Nei giorni seguenti, con andamento a macchia di leopardo, ma con sempre maggiore intensità e frequenza, i focolai si sono moltiplicati, quasi esistesse una coscienza collettiva condivisa….Ad esempio sappiamo che già tre giorni dopo le ribellioni nel mondo erano diventate 34…
“E da tutto questo bel ragionamento cosa possiamo concludere” - interruppe con impazienza la solita donna.
“Purtroppo niente di buono –continuò impassibile il professore - Vede signora…”
“.Alicia Van De Bilt, delegazione olandese” – rispose lei
“..: vede signora Van De Bilt, se la mia teoria è giusta ne avremo prova entro un giorno o due al massimo. Perché credo che la ribellione in corso si sia inspiegabilmente diffusa con lo stesso schema della sequenza di Fibonacci; sono convinto che con un meccanismo analogo si siano sommati incidenti ad incidenti coinvolgendo sempre un maggio numero di persone in tutto il pianeta….
…mon Dieux…- esclamò l’ambasciatore Francese mentre un mormorio sommesso animava la sala attentissima.

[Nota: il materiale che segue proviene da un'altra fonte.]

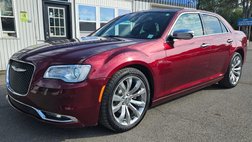 2019 Chrysler 300 Limited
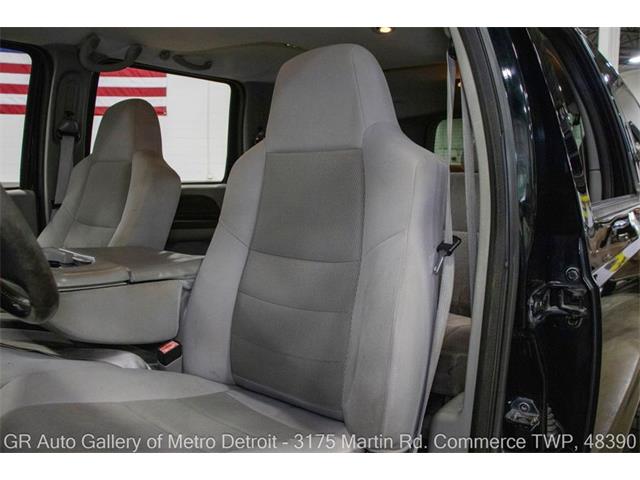 2005 Ford Excursion (CC-2087951) for sale in Kentwood, Michigan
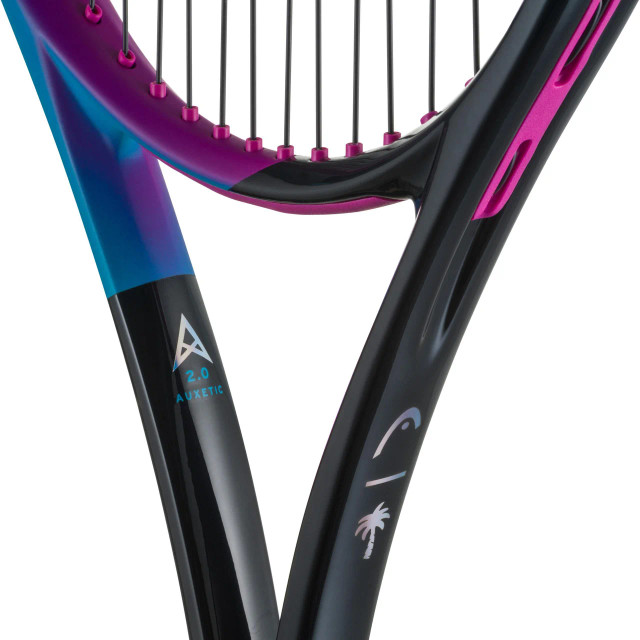Head Radical MP Palm Tree Crew 2025 Tennis Racket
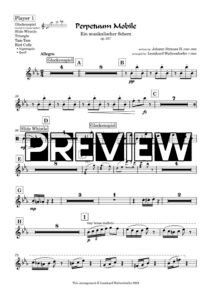 Player 1 - preview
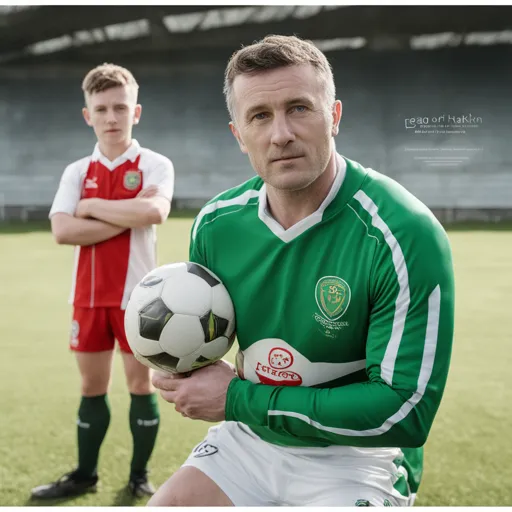 Fergal Harkin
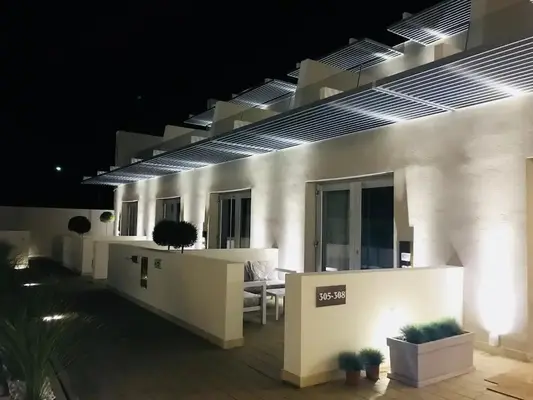 Hotel Vespucci Hotel a Porto Cesareo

Ma se così fosse – disse l’ambasciatore cubano – visto che gli abitanti del pianeta sono poco meno di otto miliardi……
…e che l’episodio iniziale, ricostruito a ritroso dai dati che ci ha mostrato, dovrebbe aver avuto inizio il primo giorno di novembre….-continuò un tecnico americano- adesso dovremmo essere intorno al…cinquantesimo grado della successione….quindi…
…saremmo incredibilmente vicini alla fine – continuò per lui il prof. Jacob –
ipotizzando che ogni evento compreso il primo, abbia avuto luogo tra pochissime persone, forse addirittura un solo individuo, giunti al grado attuale secondo la progressione di Fibonacci…. si è saturato il numero di abitanti del pianeta. Il cinquantesimo grado della sequenza ci porta al numero di 7.778.742.049 …
Tornando all’esempio della nostra conchiglia, dovremmo aver raggiunto oggi il “recinto” che delimita la fine della spirale.
Mentre pronunciava queste parole il rimbombo di una serie di potenti esplosioni giunse da lontano.
Tutti i presenti si alzarono quasi contemporaneamente ed avvicinandosi alle grandi vetrate cominciarono a vociare ed urlare, sino a generare un caos indescrivibile.
Il professore sorridendo si sedette, sentendo in cuor suo quasi la stessa soddisfazione che provava alla fine di una complessa dimostrazione alla lavagna per i suoi alunni; richiuse la sua cartella e si sedette sfogliando l’agendina settimanale.
Con mano tremante pose una grande X rossa su quel drammatico giorno.